Scheindlin quoted former World Bank economist Joseph Stiglitz’s argument that, 'Suits seeking to hold foreign companies accountable for their unlawful collaboration with a prior regime will not discourage foreign investors from investing in that country in the future.’

According to Desmond Tutu, ‘The case is important for what it means to the victims of apartheid. But it is also important as a warning to those who support unjust regimes with their business. Business like sport is never really politically neutral.

'Sadly the litigation if it is successful will expose the meanness of the reparations our country gave to victims and is a rebuke to our government who tried to oppose the case.’

Marje Jobson, director of the Khulumani Support Group, stated that the lawsuit targets 'companies that did profitable business by [knowingly] equipping the apartheid security agencies with the means of enforcing and sustaining apartheid’ and ‘asks for compensation for injuries on behalf of individual victims who fall into four classes of victims.
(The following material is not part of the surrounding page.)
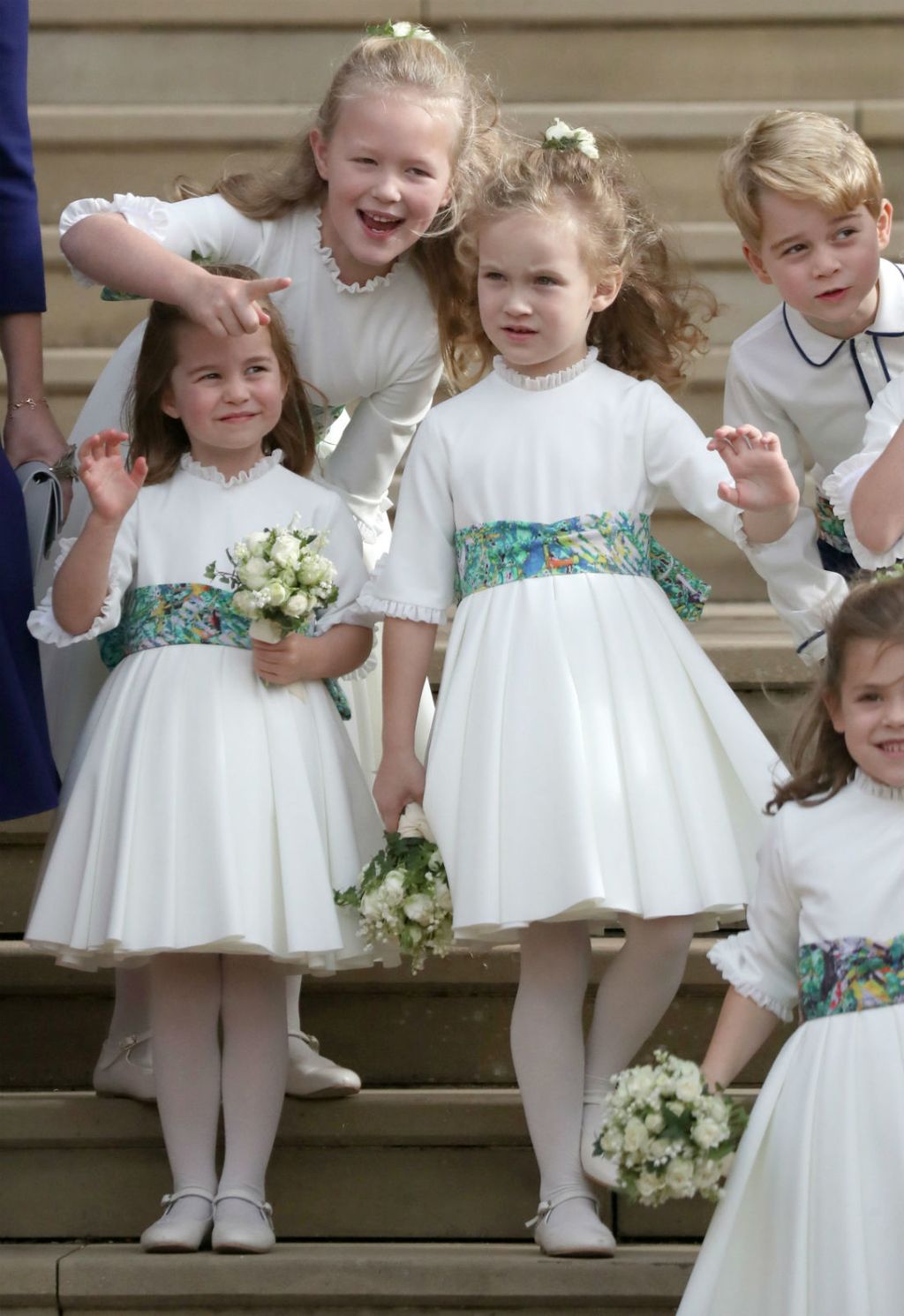 Princeza Charlotte i princ George na vjenčanju princeze Eugenie - 8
The decision regarding compensation would be based on standards established in international law.’

Individual supplemental memorandums lodged by corporations further contested charges that parent corporations should be held liable for the alleged acts of subsidiaries. Ironically, piercing the ‘corporate veil’ of parent–subsidiary relationships is largely impossible as internal-transfer pricing, information transfer and the overall pyramid structure related to multinational operations – comprising 60 per cent of global trade – is secretive and lacks transparency.

TORT

Though Scheindlin narrowed the claims, dismissing charges against banks such as Barclays, she found that the technology corporation IBM could be charged for supplying equipment used 'to register individuals, strip them of their citizenship, and segregate them in particular areas of South Africa', that Rheinmetall Group can be prosecuted for aiding and abetting extrajudicial killing and apartheid through the supply of armaments, and that General Motors, Daimler and Ford were ‘intimately involved’ with aiding and abetting apartheid, torture and inhumane treatment as well as providing military equipment used by the South African Defense Forces and other security branches. Hopes for a settlement are pinned on the new US government of Barack Obama – who supported corporate divestment from South Africa during the apartheid regime – and the presumably left-leaning Jacob Zuma-led South African government.

Despite Scheindlin’s dismissal, the case for prosecuting banks financing ‘terrorist regimes’ or state terror (defined as the systematic use of terror as a means of coercion) is certainly legitimate, especially in light of well-documented supporting evidence concerning foreign financial support and the characteristics of the apartheid regime.

If successful, the case sets a global precedent defining the contours that can be used to hold multinational non-state actors accountable for aiding, abetting and sustaining various brutal, dictatorial and corrupt regimes.

In doing so, the multinationals propping up undemocratic regimes that are dependent on foreign finance, the demand for expropriated natural resources and deliberately cheapened human labour – as well as technology, automotive and armaments sources – may well find themselves out in the cold, subject to the long arm of the law.

One small step for South Africa, one giant leap for mankind…

* Khadija Sharife is a journalist and visiting scholar at the Centre for Civil Society (CCS). She is based in South Africa.
* This article first appeared in African Business.